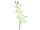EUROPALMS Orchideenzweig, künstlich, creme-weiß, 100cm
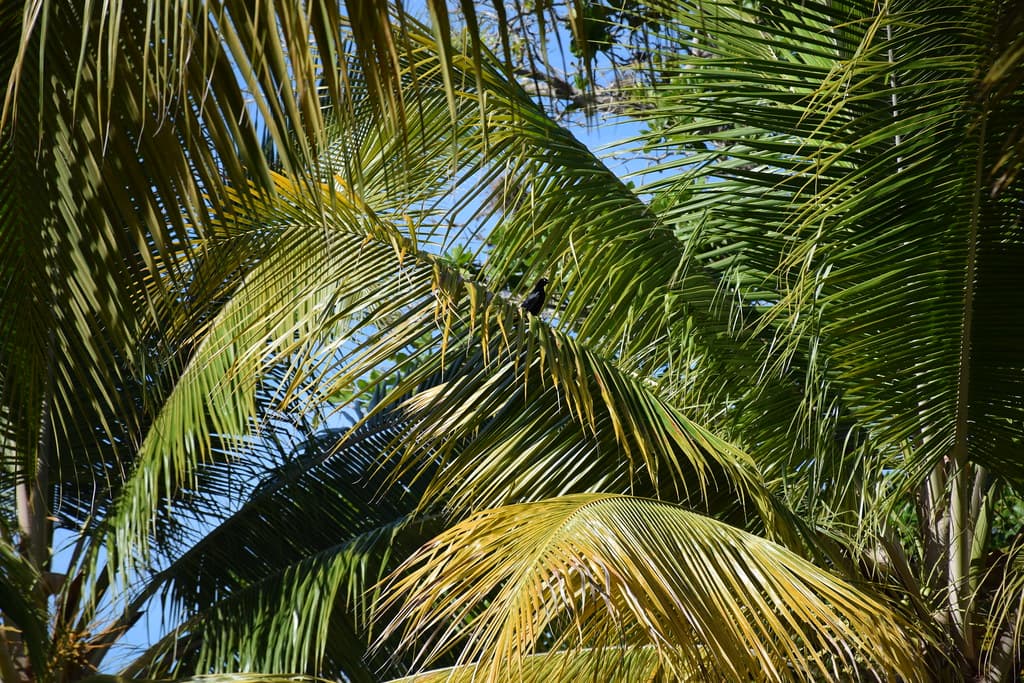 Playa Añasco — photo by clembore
...
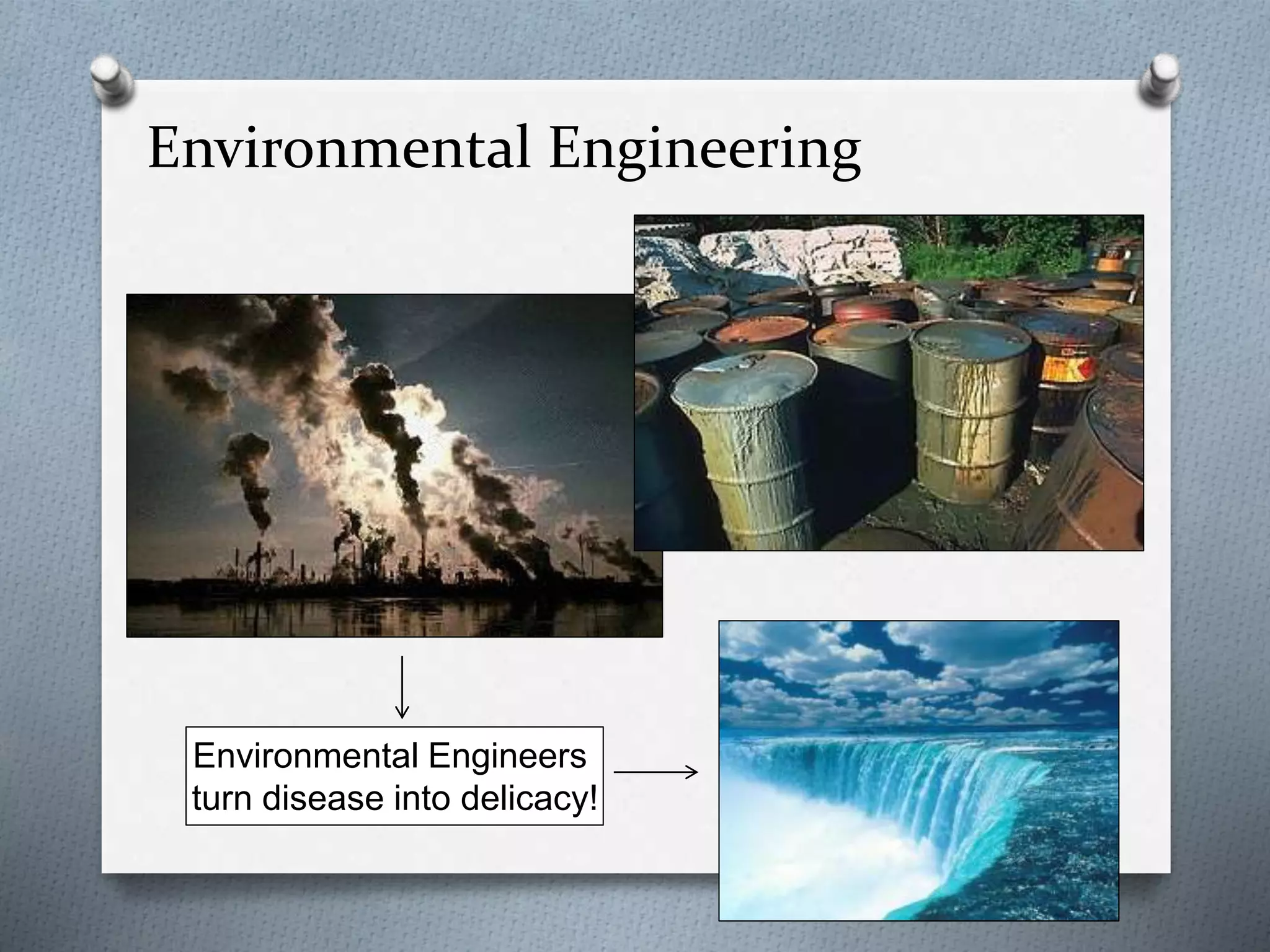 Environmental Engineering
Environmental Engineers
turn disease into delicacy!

(Task to complete) Using the data above, print only the lines starting at the one with "Environmental Engineering" and ending at the one with "turn disease into delicacy!", exactly as they stand, minus the pictures.

(Reply to the task)
 Environmental Engineering
Environmental Engineers
turn disease into delicacy!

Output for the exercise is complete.